At age 18, having been snowboarding since she was seven, Kelly won gold at the 2002 Olympics in Utah. Now, at the age of 34, the halfpipe specialist has taken part in an unprecedented five Olympics, just missing out on a medal in the women's halfpipe competition in PyeongChang in February.
But she says that in all her successes, she was looking for a sense of significance.
"I achieved the highest in my sport. I was famous," Kelly states. "I had money. I had an Olympic gold medal. I had everything that anyone could have wanted, but I found out that wasn't what I was looking for."
So she did what she thought would fill the void in her heart.
"I strived to drink the most. I strived to be the rowdiest ... all this silly stuff. It did not seem like a very good idea, but at the time that was what I thought was going to make me cool. I wanted people to like me."
Two years after her gold medal all she felt was a deep sense of emptiness.
"I had spiraled into this depression and into this place that was just really dark," Kelly says.
"I was at this contest, and I was staying by myself.
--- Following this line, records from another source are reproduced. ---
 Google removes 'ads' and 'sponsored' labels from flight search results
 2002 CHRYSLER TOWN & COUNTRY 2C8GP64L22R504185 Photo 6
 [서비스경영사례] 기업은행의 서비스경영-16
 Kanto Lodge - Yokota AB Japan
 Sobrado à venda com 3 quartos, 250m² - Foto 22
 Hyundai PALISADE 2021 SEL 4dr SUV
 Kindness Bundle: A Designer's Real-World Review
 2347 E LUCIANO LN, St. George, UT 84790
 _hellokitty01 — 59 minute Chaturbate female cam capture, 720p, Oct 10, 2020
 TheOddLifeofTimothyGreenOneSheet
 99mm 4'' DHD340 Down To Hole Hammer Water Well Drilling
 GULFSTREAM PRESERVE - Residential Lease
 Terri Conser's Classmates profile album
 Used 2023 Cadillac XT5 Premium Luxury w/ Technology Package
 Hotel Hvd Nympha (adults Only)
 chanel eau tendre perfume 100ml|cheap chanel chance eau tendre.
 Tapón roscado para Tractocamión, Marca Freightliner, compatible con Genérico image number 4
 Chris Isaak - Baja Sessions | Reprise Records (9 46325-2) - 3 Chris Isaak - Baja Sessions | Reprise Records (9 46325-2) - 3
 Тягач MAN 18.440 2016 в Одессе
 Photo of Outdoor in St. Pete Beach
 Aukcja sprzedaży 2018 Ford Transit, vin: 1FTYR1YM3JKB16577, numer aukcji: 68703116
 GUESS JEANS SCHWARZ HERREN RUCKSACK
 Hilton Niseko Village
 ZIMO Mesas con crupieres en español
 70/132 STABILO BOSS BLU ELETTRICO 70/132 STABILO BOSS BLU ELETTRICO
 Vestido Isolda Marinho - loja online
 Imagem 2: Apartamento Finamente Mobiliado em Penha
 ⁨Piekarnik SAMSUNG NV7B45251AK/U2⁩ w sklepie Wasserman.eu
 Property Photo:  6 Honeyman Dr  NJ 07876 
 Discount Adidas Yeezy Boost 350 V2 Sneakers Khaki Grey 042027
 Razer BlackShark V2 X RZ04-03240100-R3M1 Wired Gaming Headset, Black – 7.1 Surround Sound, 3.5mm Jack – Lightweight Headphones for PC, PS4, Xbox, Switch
I spent the morning writing about how I did not want to live anymore and how it would not even matter [if I died]."
However, later that day, Kelly was standing at the bottom of the pipe after her run when she overheard a conversation that would change everything.
"This girl comes down, and she's crying because she fell on both of her runs and she didn't qualify. This other girl goes up to her, and I'm standing there. They didn't know anybody was listening. This girl was like, 'Hey, it's all right. God still loves you.'
"I was blown away. If there is a God who loves me, I need to know Him!"
Those words sank deep into Kelly's soul. Outside of seeing the occasional "Jesus loves you" on a billboard or bumper sticker, she really did not know what this Christianity thing was all about – but she had a newfound desire to find out.
That same night, she dug a Bible out of her hotel room drawer and began to seek answers.
I think you
need to tell
me about God."As I started looking at the Bible, I realized that I didn't know where to look or where to start," she admits.
The girl whom she had overheard was staying in Kelly's hotel, and she found out what room number she was in. So that night, Kelly knocked on her door, saying, "I think you might be a Christian, and I think you need to tell me about God."
"She told me about having a relationship with Jesus and she started telling me that was what it was about. My Creator wanted a real relationship with me, and He loved me very much.
"At the same time I got a little nervous because I had never thought about God before a day in my life," Kelly confesses. "I had never once wondered why we are here, I had never thought about Him, never been to church, nothing. I had no grid for any of this.
"And so I spent the next four months thinking, 'Ok, God, if You're real, reveal Yourself to me.'"
At the end of the season Kelly realized a life without God was inconceivable.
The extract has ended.